*REQUIRED ACTION*. Omit all pictures. Copy exactly the lines from the line containing "Judge Elizabeth Scherer" to the end of the listing, with both ends included.

*DATASET SECTION*.
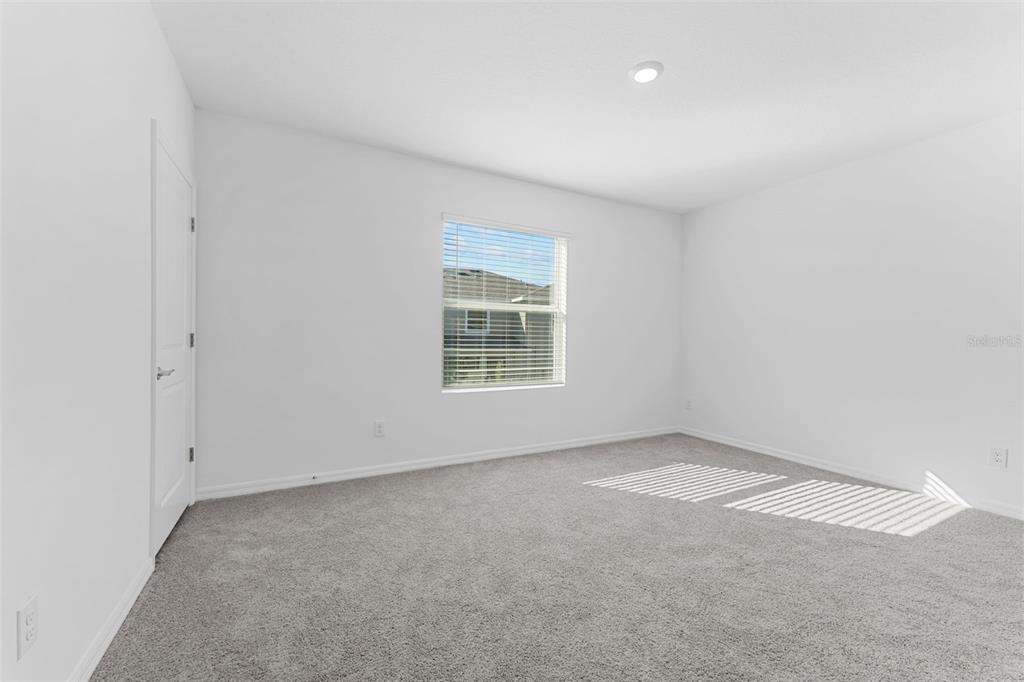 31336 Paper Birch Street Wesley Chapel, FL 33545 - Photo 11 of 38 an empty room with a window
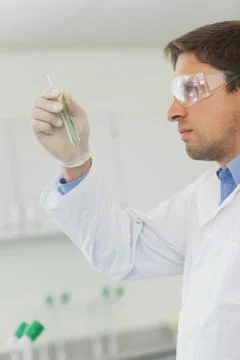 Profile view of young male scientist looking at small test tube Stock Photos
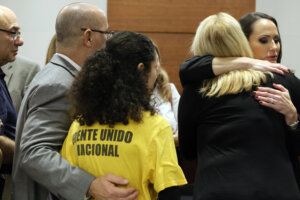 Judge Elizabeth Scherer hugs Jennifer Guttenberg following the sentencing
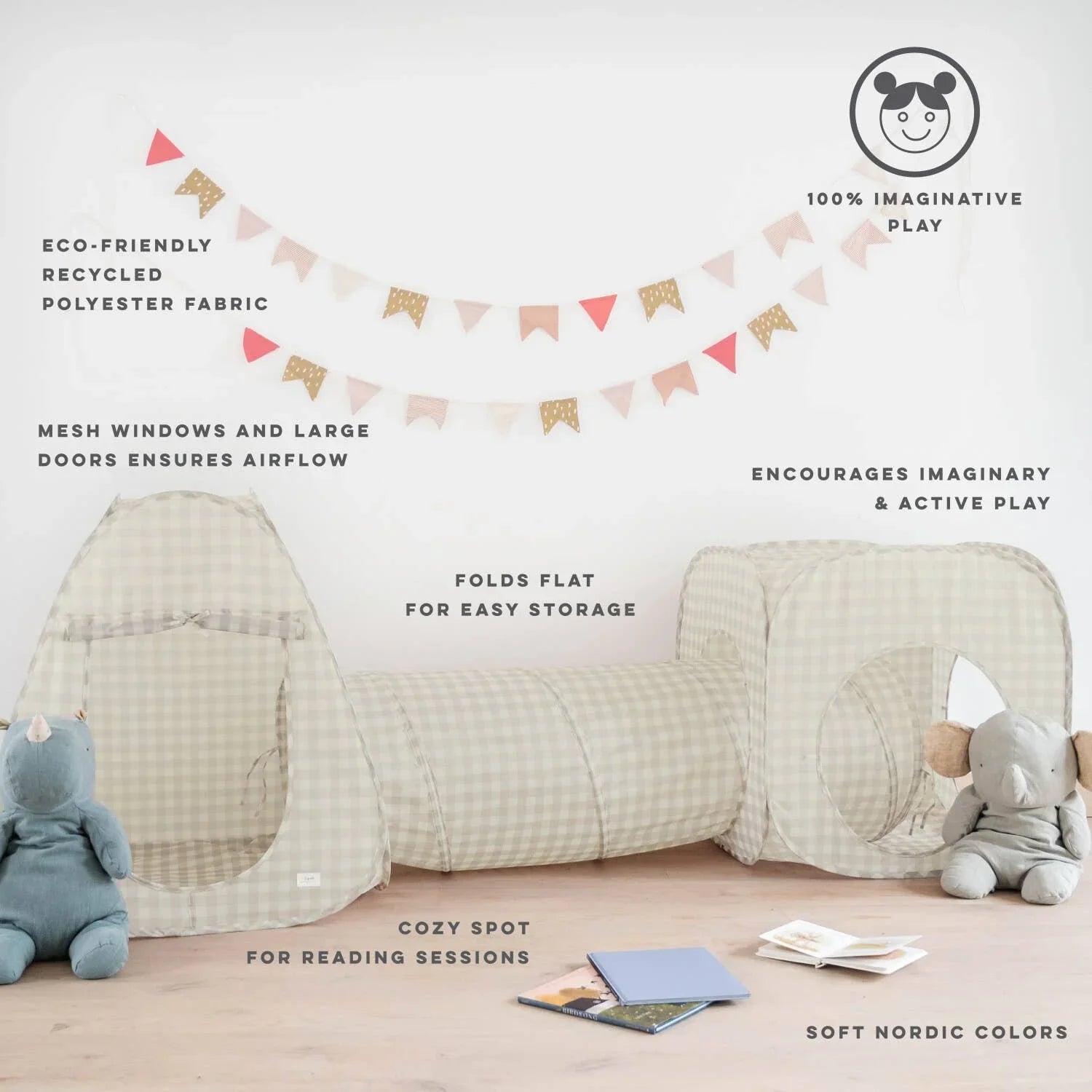 Children's beige plaid play tent with tunnel and cube, surrounded by plush toys and books. Come see us at Awaken, Franklin, Tennessee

*PROBLEM SOLUTION*.
 Judge Elizabeth Scherer hugs Jennifer Guttenberg following the sentencing
 Children's beige plaid play tent with tunnel and cube, surrounded by plush toys and books. Come see us at Awaken, Franklin, Tennessee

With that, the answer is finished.